Cavan senior hurling manager Ollie Bellew says steering his native club in Belfast to a first ever Antrim SHC final and achieving success at university level in hurling have been “highs” to date in his career as a coach but booking a berth at Croke Park this year with his adopted county “will be right up there with all the other highs.”

Cavan take on Louth this Saturday (2.15pm) at Kingspan Breffni in the 2021 Lory Meagher Cup semi-final with the winner meeting the team that comes out on top in the other semi-final between Longford and Fermanagh.

Louth go into the game against Bellew’s boys as favourites to reach ‘Dreamland’ but based on the most recent results between the sides, the odds on the tie going right down to the wire are fairly short.

Last November, Cavan put up a brave fight in the Lory Meagher Cup against the Wee County but were outgunned by 0-16 to 0-18. In the teams’ most recent meeting, the Leinster men again triumphed, winning on home ground by 0-19 to 2-12 in Division 3B of the NHL.

“In fairness, we were well beaten by them last year, much more than what the two point defeat suggests. They played us off the park; annihilated us to be honest,” Bellew avers.

“They have beaten us twice over the past two years but only by a combined three point total so we know we’re within touching distance of them. They’re the defending champions (Lory Meagher Cup) though and they’ll be very determined to at least make it back-to-back finals.”

Bellew is adamant though that his charges aren’t in bonus territory right now and that making an all-Ireland final this year was always in Cavan’s sights.

He says he has the “height of respect” for the Louth hurlers and their management team led by Armagh native Paul McCormick and he reckons “every single one of our lads will have to hit top form on Saturday if we’re to make the final.”

Bellew believes the outcome of this Saturday’s penultimate round encounter “will come down to small margins”. In that context, he is convinced that Cavan won’t shoot themselves in the foot by conceding too many scoreable frees; an aspect of play which has become a telling factor these days in separating hurling’s chaff from its wheat.

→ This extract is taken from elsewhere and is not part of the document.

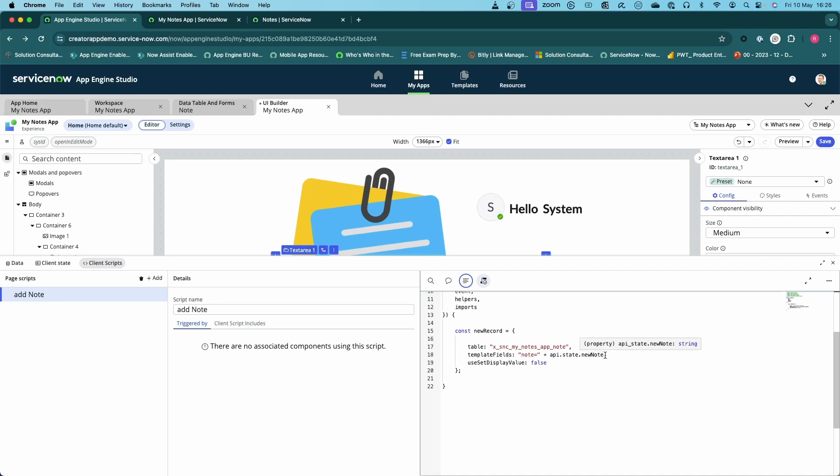We're not going to go through that here, maybe we'll cover that in another episode. You don't need to put this one in, but use set display value is for when you're passing in the display value and you want the system to translate that back into the value it should be, especially for drop-downs. That's when you maybe set that to true.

“We’ve worked hard at various parts of our game over the past two years and we’ve probably become one of the most disciplined teams in the country with our low free count and yellow card count.

“A lot of hard work has been put in by the players and the management in making the improvements that we all wanted to make at the start of the year a reality and we hope that that hard work will stand to us on Saturday.”

Cavan senior hurlers have been tagged as underdogs in every single game they’ve played over the past four decades and the blues will again go into battle as the least likely team to win in the eyes of the initiated.

Team-manager Bellew admits that injury problems affecting “two or three players” isn’t ideal ahead of this weekend’s do or die game but the feeling abroad is that if Cavan can limit the number of scoreable frees they concede and keep a clean sheet against Louth then a visit to‘Dreamland’ can become a reality for the Breffni blues.